It’s been a fairly interesting week overall in storage.
There’s still been a lot of chatter about FAST, EMC’s new system for having LUNs automatically moved between different tiers of storage. I clearly need to read up more about FAST, because so far I don’t see it so much as FAST but as 2nd gear. Sure, being able to automatically move whole LUNs around is nice, but I thought the magic was in sub-LUN migration years ago when I saw a Compellent demo on it. Clearly I’m missing something, because a lot of people have been getting very excited. Then again, my focus in storage has been protecting it rather than optimising primary access, so it’s likely I’ll get more interested in it as I read more about it.

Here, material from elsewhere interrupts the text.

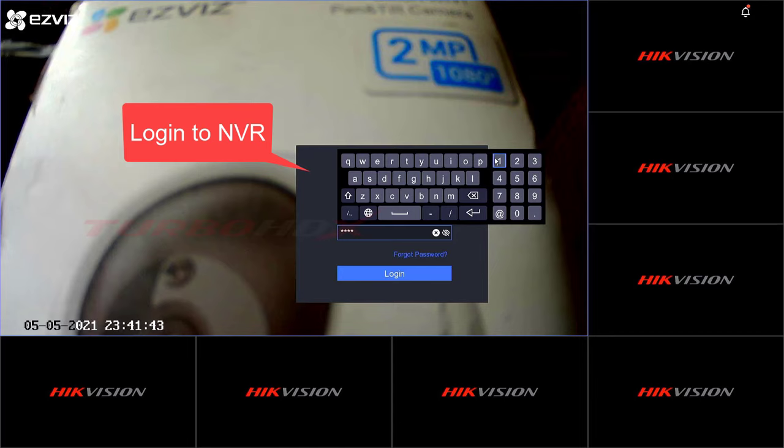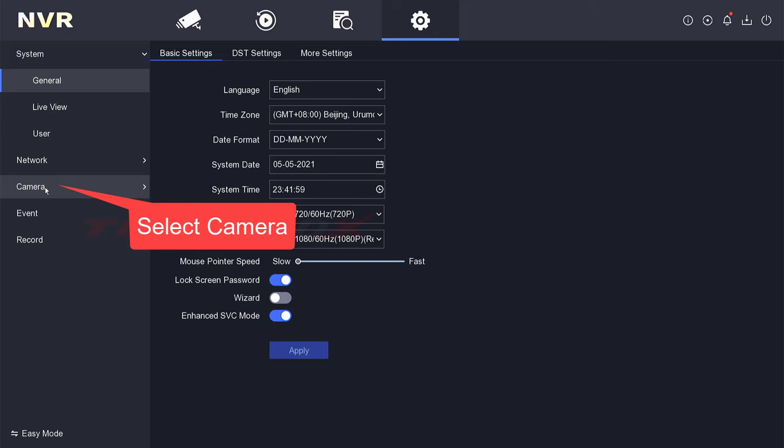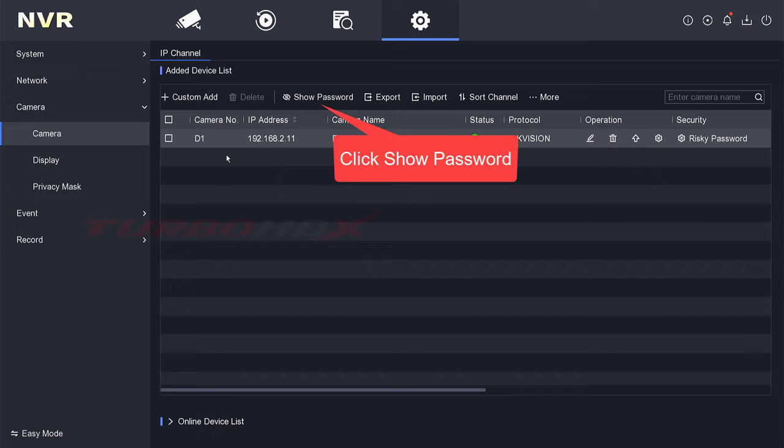Login into NVR. Select configuration. Select camera. Click show password.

Over at Search Storage, there was an interesting article about data reduction vs data deduplication and compression. This prompted me to pull my finger out, and so sometime soon I’ll have another blog article myself here called All this Deduplication is Making me Thirsty. I’ll leave it as an exercise to the reader what I’m talking about (or a surprise for the article.)
Moving on, I found this excellent article by Drew Robb over at ServerWatch called Tape vs Disk: Tape Refuses to be Evicted. Regular readers of my blog will know that my opinion on the “tape is dead” pronouncements we get every few months is to blow a big fat raspberry at move on. Drew’s article was pointedly useful, in that he dug into the IDC studies on tape sales. While a lot of the media is enjoying running around saying that IDC shows that tape sales are declining, they’re not telling the whole truth, as Drew points out. In actual fact, it’s the low end tape sales that are falling off quite a bit, but the enterprise stuff is still running along quite nicely. This is completely understandable – I’ve seen a lot of small businesses that used to rely on cheap and cheerful tapes like DAT transition to more reliable and longer lasting media, but I don’t see a lot of enterprises killing tape. (What’s the old saying from that old ad – linear serpentine, good for data; helical scan, good for parties … I think the party is fizzing out, but the data is still going strong…)

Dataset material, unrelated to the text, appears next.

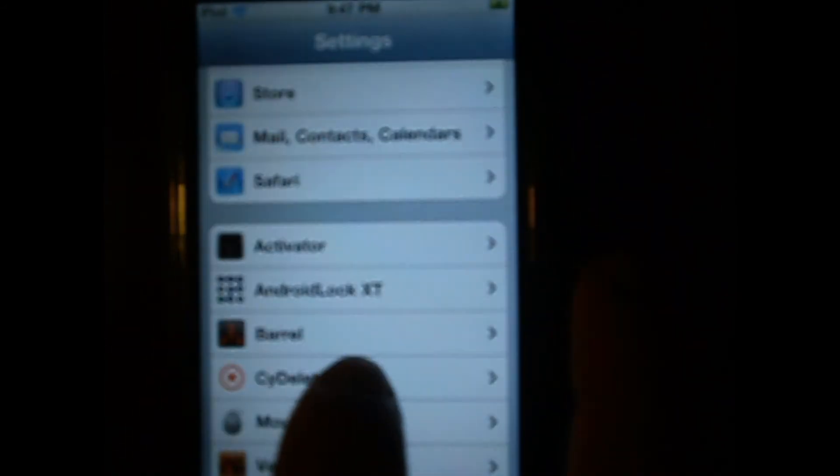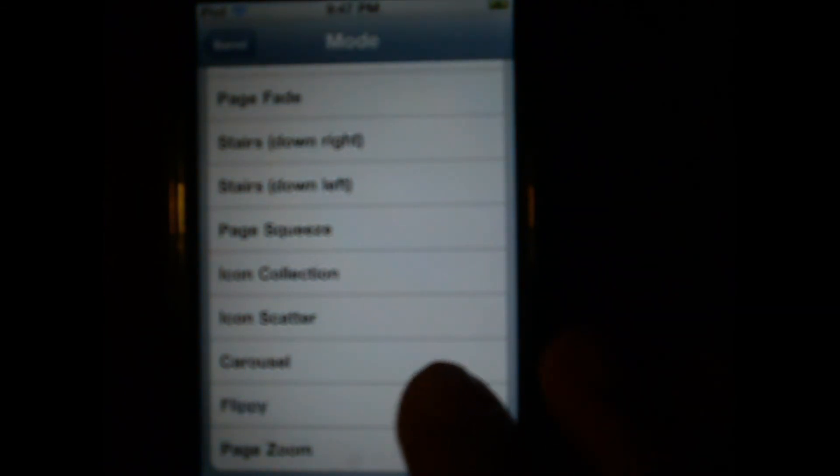Scroll down until you find Barrel, which is right here. Click on it. Now it asks you for the mode that you want your pages to scroll. So pick one. I'll just pick Clippy.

I think when it comes to handing out awards (if I were to do that) for the coolest storage blog entries this week, they have to go to Storagebod, with his 7 part series of letters to father christmas – including the final one asking for presents for other bloggers.
Over at Grumpy Storage, Ian penned a fantastic article called Show me the Money. I think this should be mandatory reading for every sales person and consultant in the tech industry – certainly in previous companies I’ve dealt with sales people who have been shot down and lost deals for failing to follow these rules that should be self evident.
On the lighter side, someone (apologies, I can’t remember who) twittered a link to Death By Powerpoint. This should be mandatory watching for everyone in business, full stop.
On a more local front, Brian over at Going Virtual has just done his wish list for updates to NetWorker for 2010 in relation to virtualisation support.
On a slightly different note, our Australian government has decided it’s going to attempt to introduce national mandatory net censorship laws next year. I would say what I think about such draconian subjects except it would undoubtedly be retroactively censored next year and this article deleted. I’d hate to upset my article count, so suffice to say, in a more polite way, that I hope they take notice of online polls that show upwards of 95% of people against the idea.
Over at Daring Fireball (yes, I know, not a storage blog), John Gruber has a rather excellent analysis of the garbage that’s been coming out of AT&T lately. Apparently they only want customers to buy, not use bandwidth. Silly, selfish users who expect to be able to buy and then use their services are apparently to blame for profit obsessed companies that have no interest in upgrading their infrastructure to meet needs.
Over on the The Register, there was a story about Stratus putting their money where their mouths are. Good on you Stratus.
Next to last, as a bit of self-advertising, I took time out from this blog to write up some thoughts on all those marketing slides that encourage people to do TCO calculations to compare pushing infrastructure out of the data centre and into the Public Cloud, and suggested that an alternate calculation needs to follow, one that I call Total Cost of Impact.
One final comment: please go and see Avatar. If you don’t, you’ll be missing out on the greatest block buster of all time (so far). If you’re a Star Wars fan, you doubly need to see it, so you can understand what a good movie looks like.